Morocco is the country that has illegally occupied the Western Sahara, the ancestral homeland of the Sahrawi, since a 1975 invasion. Morocco controls 80+ percent of the Western Sahara, including its mineral rich inland and coastal fisheries that generate billions of dollars in exports annually -- money that helps fund Morocco's expensive occupation.
Since 1991, when Morocco and the Polisario Front (which represents the Sahrawi) ended a 16-year long war over Morocco's invasion, America's major ally in North Africa has repeatedly reneged on its agreement with the United Nations to hold a voter referendum in the Western Sahara where residents would decide their future through a democratic vote.
"We woke up very happy with the historical announcement of President Obama, establishing new relations with Cuba. We hope that Mr. Obama will take another historic position and enforce international law on the Western Sahara. We are tired of waiting," Adda Ibrahim said.
Ibrahim is the governor of Smara, the largest of the five Sahrawi refugee camps surrounding Tindof. Over 160,000 Sahrawi live in those camps, many since fleeing Morocco's 1975 invasion. Other camp residents were forced to flee Morocco's brutal occupation of the Western Sahara. All camp residents live in bleak conditions on barren desert land where summer temperatures hit 130 degrees and winter night lows dip to the low 40s.
The government formed by the Polisario Front for the Western Sahara is the Sahrawi Arab Democratic Republic (SADR). The SADR is the government for the liberated zones of the Western Sahara and the Sahrawi living in the refugee camps around Tinduf.
"What President Obama did with Cuba gives us hope that there will be a clear vision for the Western Sahara," Khadija Hamdi, Minister of Culture for the SADR said during a meeting with black American journalists, one day after the headline news announcements of the historic thaw in U.S.-Cuba relations.
The U.S. broke relations with Cuba in the early 1960s following a revolution in that Caribbean nation that overthrew a brutal but pro-American dictator. America justified its decades long, punishing embargo against Cuba by contending that nation needed democratization and a greater respect for human rights.

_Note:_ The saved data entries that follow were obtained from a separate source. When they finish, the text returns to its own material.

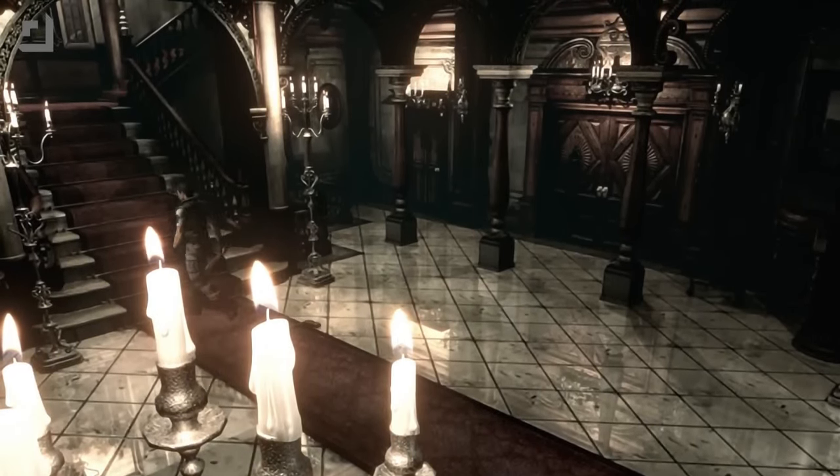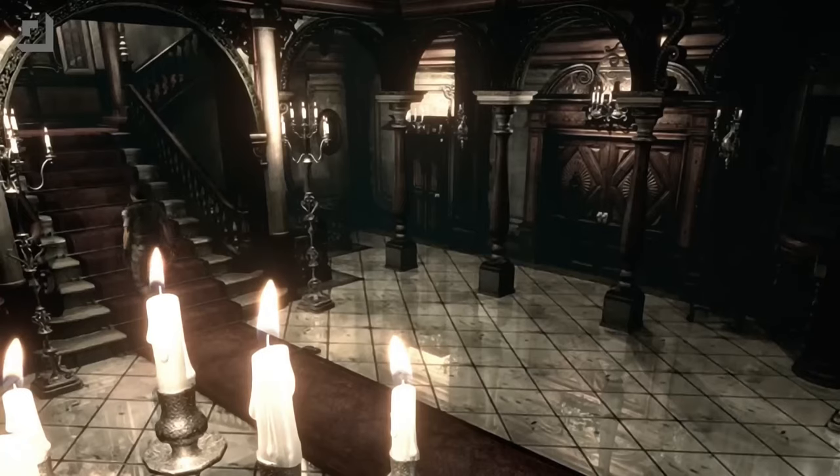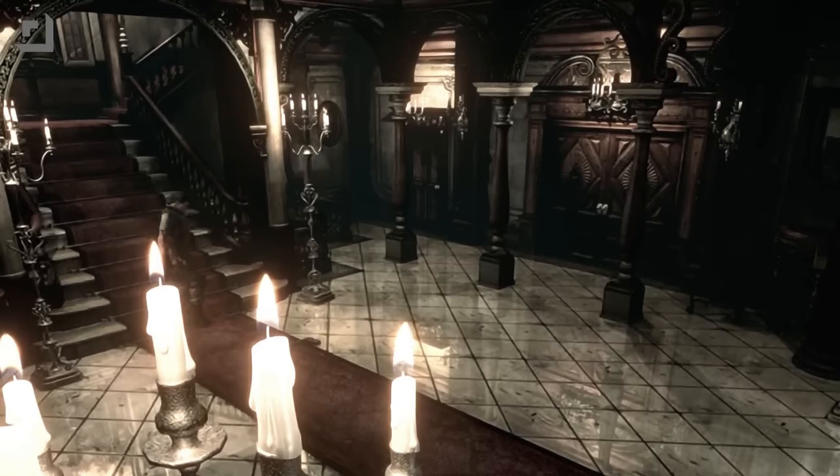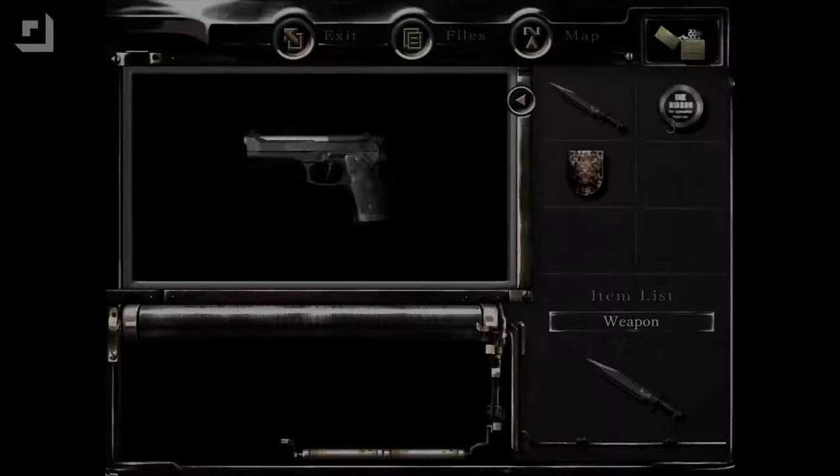Resident Evil 7, for instance, sold less than 2,000 copies after it launched on Apple devices. So will this DRM check-in actually help Capcom's bottom line? Or is it just going to push more players away?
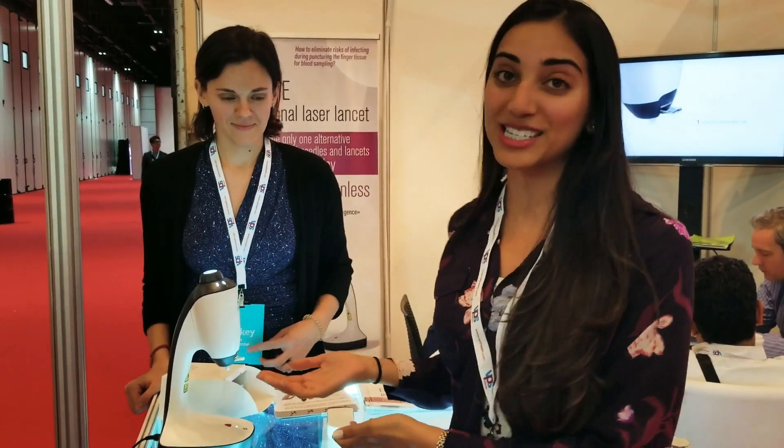So as you know, if you want to take blood for a glucometer using a lancing device, you have to prick your finger with a needle. But this actually uses a laser.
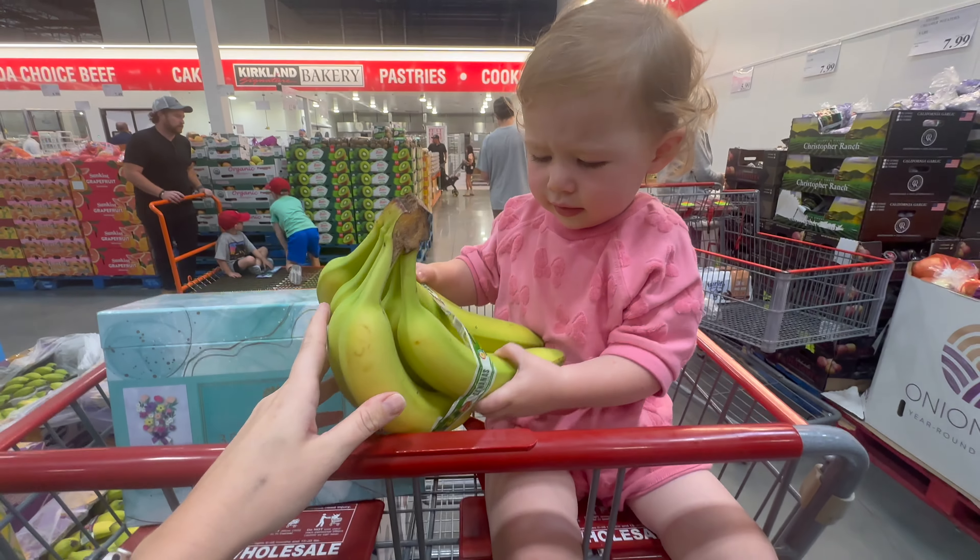These Febreze car packs are on sale for $7.49. First thing in the cart for the boys!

The Moroccan occupation of the Western Sahara is rife with human rights abuses condemned in reports by the Obama Administration and other monitoring organizations like Amnesty International. Sahrawi inside the Western Sahara are routinely beaten savagely and imprisoned by Moroccan authorities for peaceful protests. Women and children are frequent targets of beatings on the streets that include baton strikes, kicks, punches and stomping from riot-clad police. Sahrawi in West Sahara endure high unemployment and other forms of discrimination.

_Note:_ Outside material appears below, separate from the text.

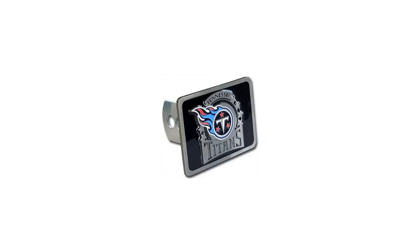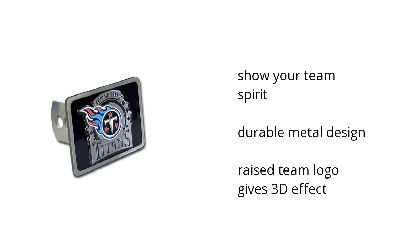Hi, I'm Lonnie with the Buzz Tyler Marketplace. Here's what you need to know about the NFL Tennessee Titans Hitch Cover on sale at Sam's Club.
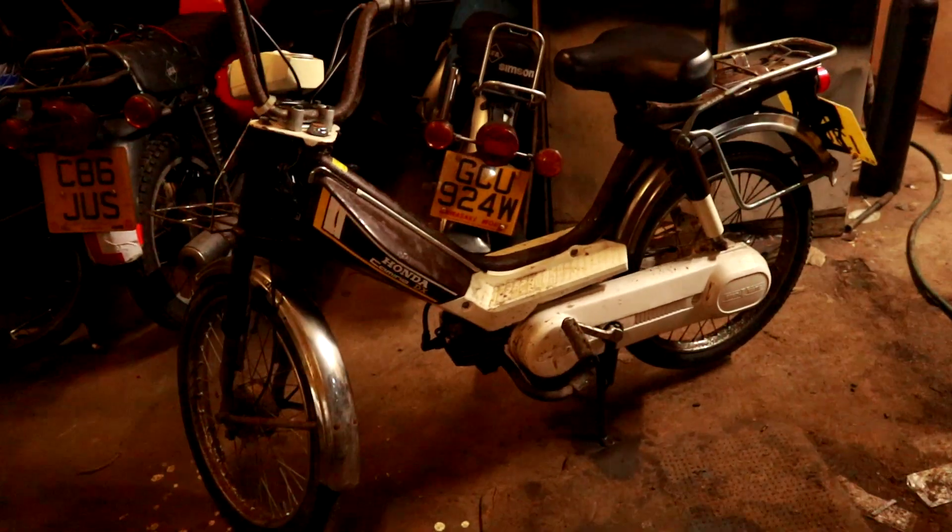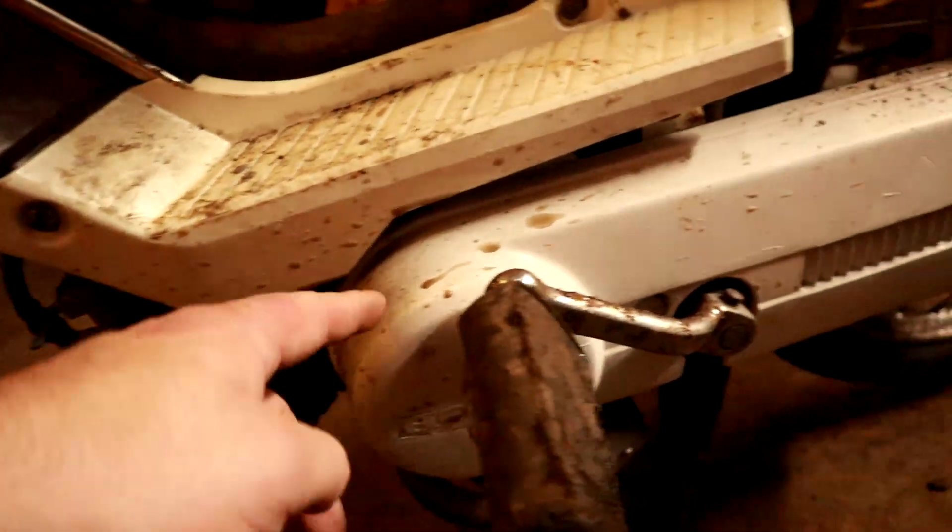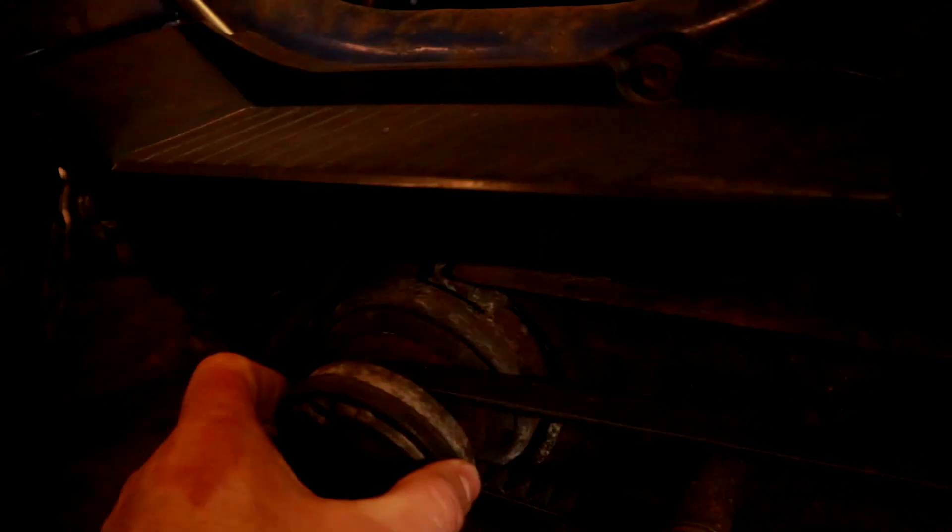These little Hondas go pretty well. They're belt-driven Honda V-Matic, and there's a variable pulley under here. As the speed increases, the pulley closes and it changes the ratio of the gears, making it faster. Pretty cool.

The 2014 democracy/human rights rankings issued by Freedom House list Cuba as better than Moroccan domination in the Western Sahara. The Washington, DC based Freedom House ranks Moroccan occupation with its worst ratings in the categories of freedom; civil liberties and political rights. Cuba, however, received the worst rating in only the political rights category. Freedom House, a research institute, was co-founded in 1941 by then U.S. First Lady Eleanor Roosevelt.
For decades the U.S. condemned the autocratic control of former Cuban leader Fidel Castro. Yet, Morocco is a monarchy ruled for centuries by kings while the Polisario Front has democratically elected officials at the local and national levels.

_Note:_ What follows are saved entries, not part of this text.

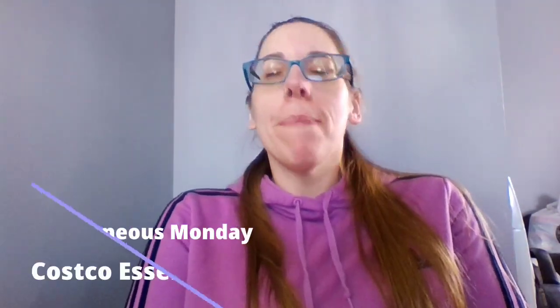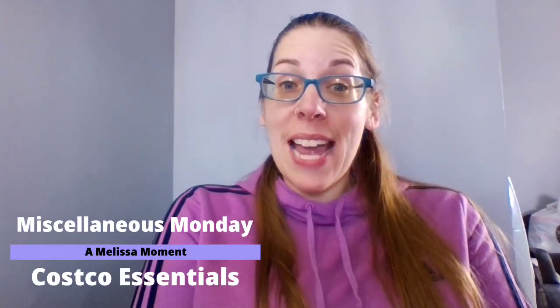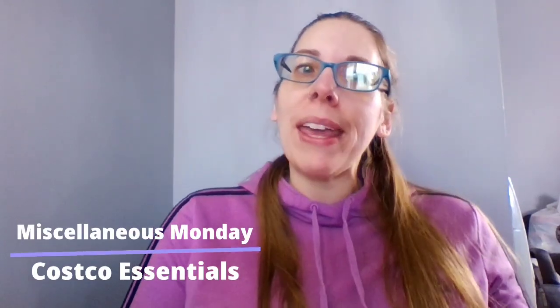Hello everyone, Melissa here. Welcome to your Melissa moment and welcome to Miscellaneous Monday. I hope you guys are having a fantastic day. Today for Miscellaneous Monday, we have a Costco shopping haul for you guys.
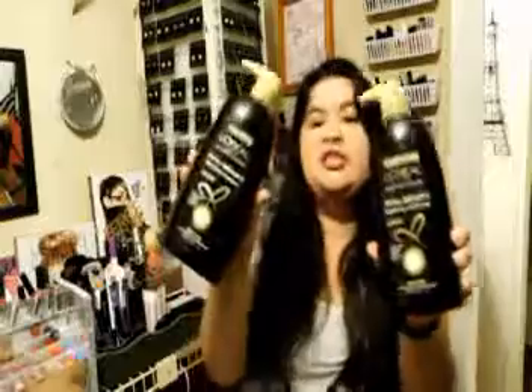I definitely upped my shampoo and conditioner game. I got the big bottles — I've been using L'Oréal Paris Advanced Hair Care Total Repair 5 shampoo and conditioner. These are my new bottles and they've been working out really well. I stopped using VO5, the one I got from the Dollar Tree.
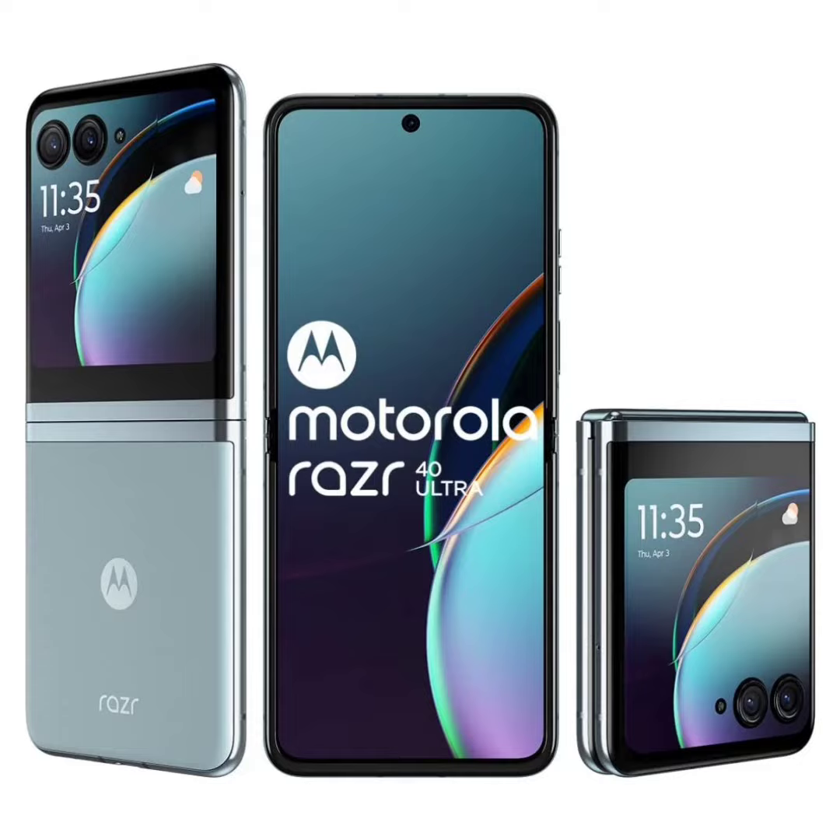The secondary display boasts a 144Hz refresh rate and Gorilla Glass 7 protection. The phone's hinge design allows it to fold flat seamlessly.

The residents of Morocco, the Western Sahara and the refugee camps outside Tinduf share the same religion -- Islam, even belonging to the same Sunni branch of Islam.
"The U.S. having better relations with Cuba is in the interest of the entire world," Brahim Mojtar, SADR's Minister of Cooperation said. Mojtar has held SADR diplomatic postings in the U.S. and many countries across West, East and Southern Africa.
"The time must come for the U.S. to realize it is in its interest to put an end to this impasse and put the U.N. referendum in place," Mojtar said.
That U.N. supervised referendum for the Western Sahara would enable the Sahrawi to vote for three options: independence for the Western Sahara, autonomy of that nation under Moroccan control or complete integration within Morocco.